* **DIRECTIONS FOR THIS TASK**
Only the lines below from the one with "Moon And Star" through the one with "アベニール102号室 トイレ　温水洗浄暖房便座" are to be written out, exactly and without any images.

Stored dataset items
_ _ _ _ _ _ _
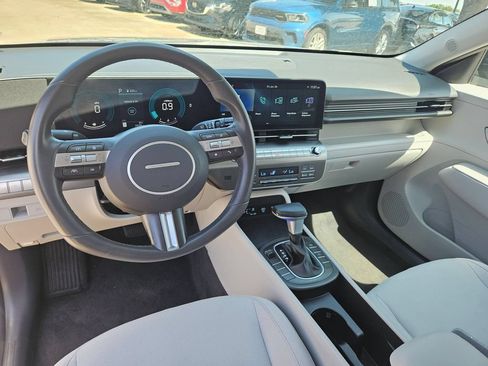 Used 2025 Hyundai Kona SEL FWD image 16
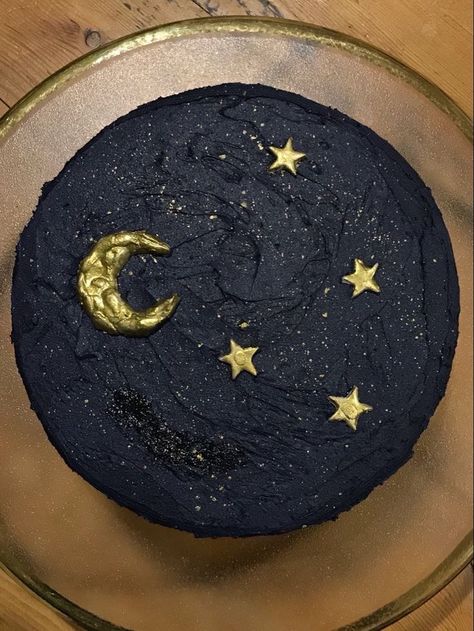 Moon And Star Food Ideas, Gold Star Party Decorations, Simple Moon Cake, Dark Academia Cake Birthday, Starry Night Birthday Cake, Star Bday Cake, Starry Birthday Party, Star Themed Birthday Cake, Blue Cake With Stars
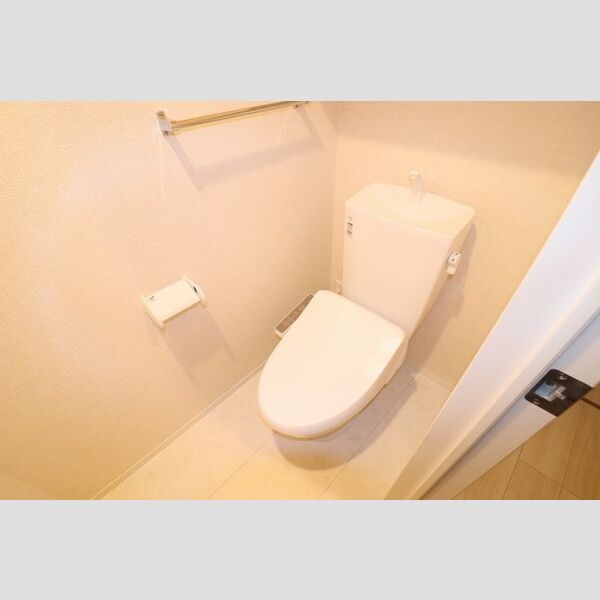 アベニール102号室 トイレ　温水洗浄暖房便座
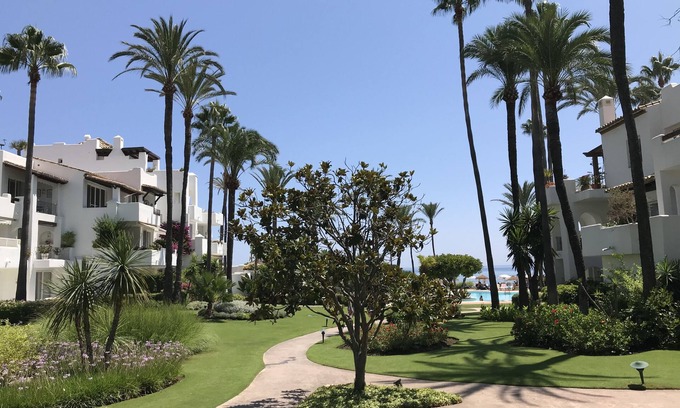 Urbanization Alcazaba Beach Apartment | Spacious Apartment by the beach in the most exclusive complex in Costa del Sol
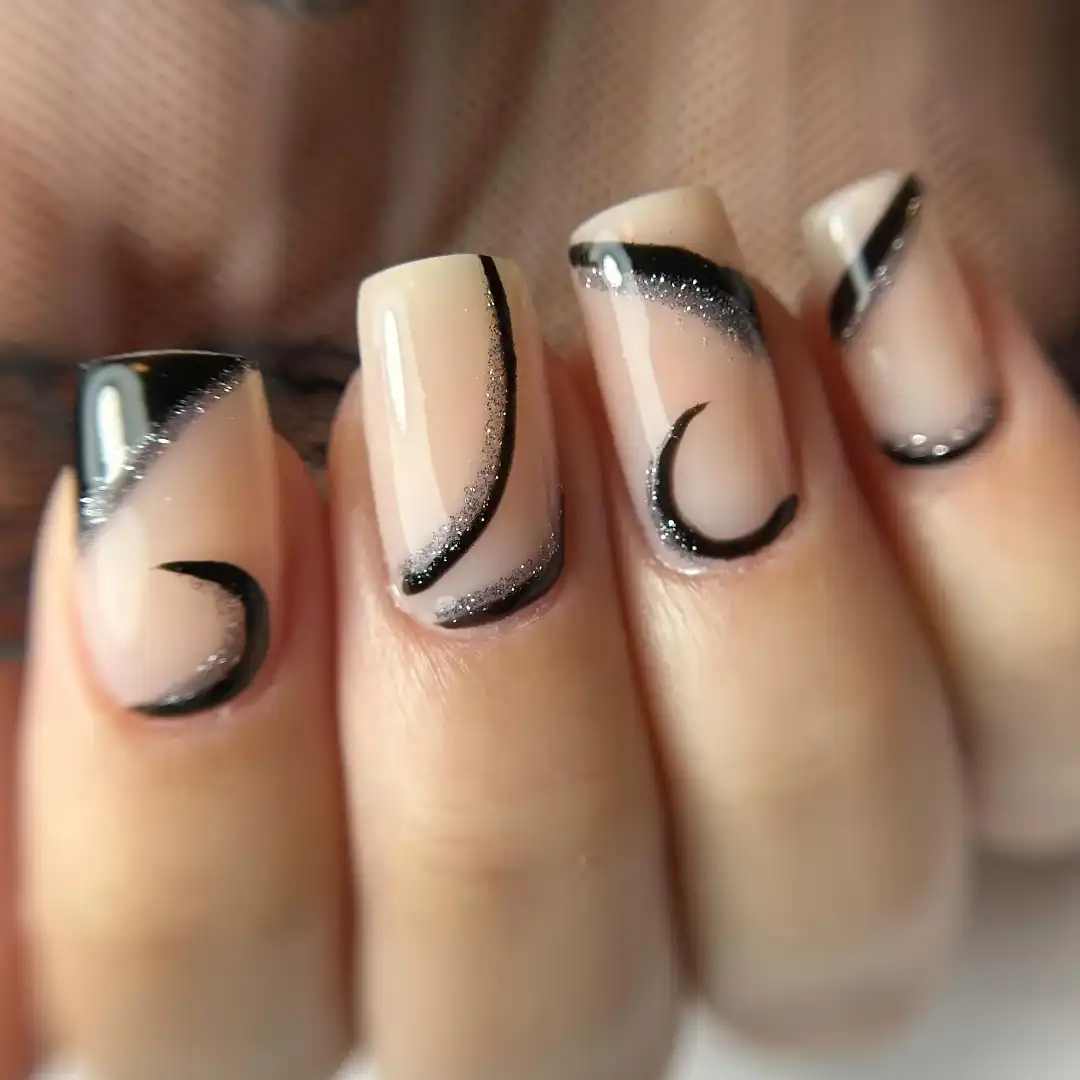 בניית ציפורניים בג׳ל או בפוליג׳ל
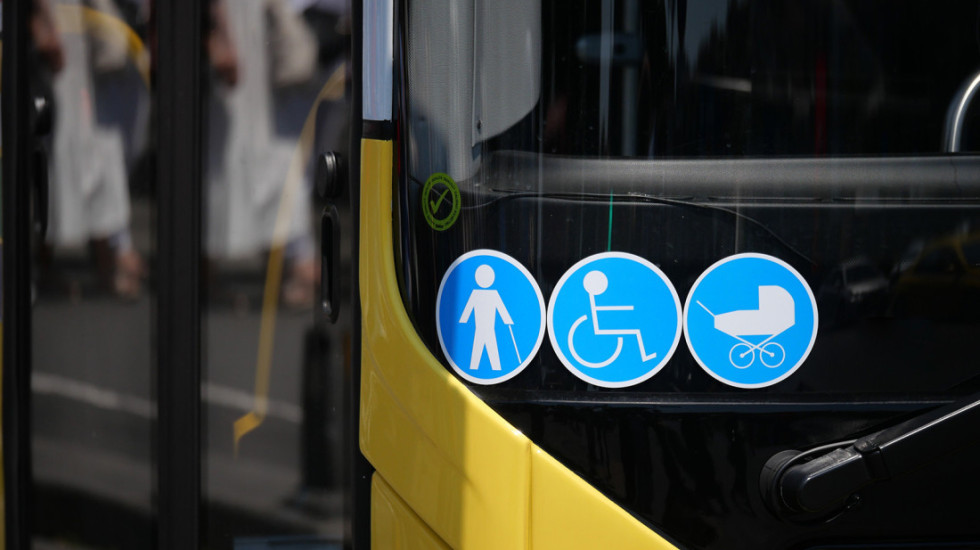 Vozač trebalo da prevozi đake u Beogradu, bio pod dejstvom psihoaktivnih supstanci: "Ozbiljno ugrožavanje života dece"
_ _ _ _ _ _ _
* **WRITTEN ANSWER**
 Moon And Star Food Ideas, Gold Star Party Decorations, Simple Moon Cake, Dark Academia Cake Birthday, Starry Night Birthday Cake, Star Bday Cake, Starry Birthday Party, Star Themed Birthday Cake, Blue Cake With Stars
 アベニール102号室 トイレ　温水洗浄暖房便座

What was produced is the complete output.